Alluvial and fluvial fans also differ fundamentally in structure. Fluvial fans have typical fluvial system on the surface, and different types of sediments in the broad areas of channel and backshore; better grain size and sorting of sediments than alluvial fans; diverse sedimentary facies, and complex transverse and longitudinal changes and associations of sedimentary facies. Channel gradient changes make fluvial fans prograde forward and aggrade laterally at the same time. Chakraborty et al.^[53] proposed that channel would gradually decrease in width and depth and braided river would transit to meandering river frequently towards the downstream direction.

Based on the previous viewpoints, it can be concluded that the differences between fluvial and alluvial fans mainly manifest in the following aspects:

(1) There are significant differences between them in scale. According to the statistics on more than 100 fluvial fans worldwide using satellite imaging, most fluvial fans have a radius of 10-50 km, and the largest one has a radius of more than 160 km. In contrast, the majority of alluvial fans have a radius of less than 10 km. In summary, fans with a radius of more than 30 km are largely fluvial fans, while those with a radius of less than 10 km are mostly alluvial fans; fans with a radius of 10-30 km can be either of them.

(2) Alluvial fans are formed in piedmont open regions through the rapid accumulation of sediments carried by seasonal floods in mountainous areas, while fluvial fans are formed through the radial accumulation of sediments when a river flows from adjacent upland areas into an unlimited region of an open depression.

(3) In terms of sediment transport mechanisms, in alluvial fans, the main transport mechanisms are gravity flow and sheet flow, while in fluvial fans, the major transport mechanism is fluvial action with obvious channel abandonment effect, and sedimentation is mainly controlled by tractive currents.

(4) In terms of overall sediment characteristics, sediments of alluvial fans are characterized by debris flow chaotic accumulation, and low textural maturity and ordering degree; while fluvial fans are characterized by tractive current sediments with higher textural maturity and stronger regularity in transverse and longitudinal directions.

(5) In terms of the internal structural stability of sedimentary bodies, alluvial fans have lower subfacies stability. As alluvial fans are steep in slope, adjacent to provenance and small in area, sediments of debris flow, channel, sheet flood etc. respond intensely to provenance change, and have frequent changes in facies^[54]. In contrast, fluvial fans appear in areas with gentle slopes and larger area, and have channels, flood plains, peat bogs, and other microfacies; so the associations of various subfacies and microfacies are in a more orderly manner.

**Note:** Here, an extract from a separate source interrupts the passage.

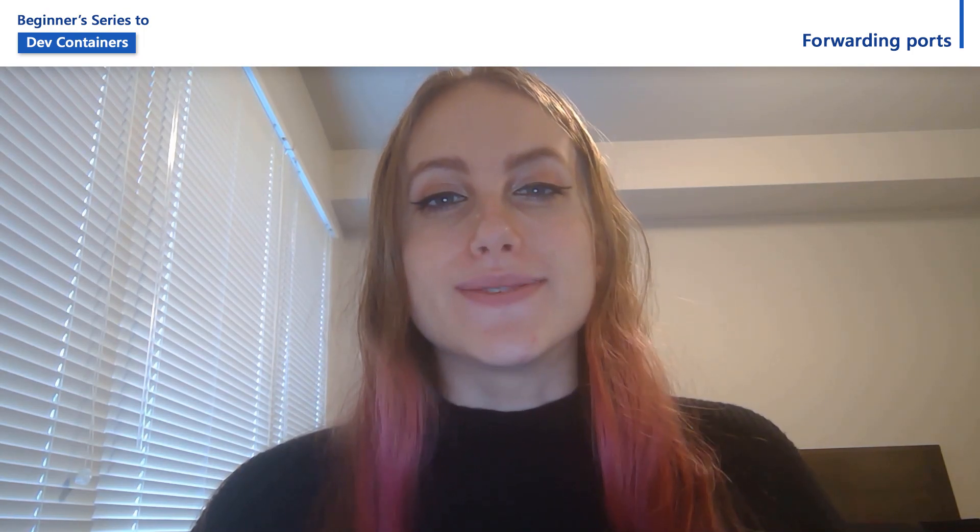Hey everyone, I'm Bridget and welcome back to our series on using remote containers in Visual Studio Code. In this episode, we're going to take a look at doing port forwarding using our remote container.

Friend^[20] was the first to point out the differences between ancient fluvial fans and modern fluvial systems. According to him, the sedimentary characteristics of fluvial fans include a gradual decrease in sandstone grain size and stratum thickness, and the increase in the proportions of fine-grained sediments, small-scale cross beddings, and horizontal beddings towards the downstream direction. Compared with typical fluvial facies, subaerial fluvial fans terminate at distributive channel network, and do not reach the sea or lake. Kelly et al.^[55] used the fluvial fan model to describe a same-level distributive network. According to their description, with the divaricating of the river, the fan gradually progrades forward and laterally towards the downstream direction. Although the two models fail to describe the characteristics of typical and complete fluvial fans, it can be seen that the typical morphological differences between the fluvial fan and ordinary fluvial systems lie in the divarication at the end of the fluvial fan, and the transverse expansion of channels.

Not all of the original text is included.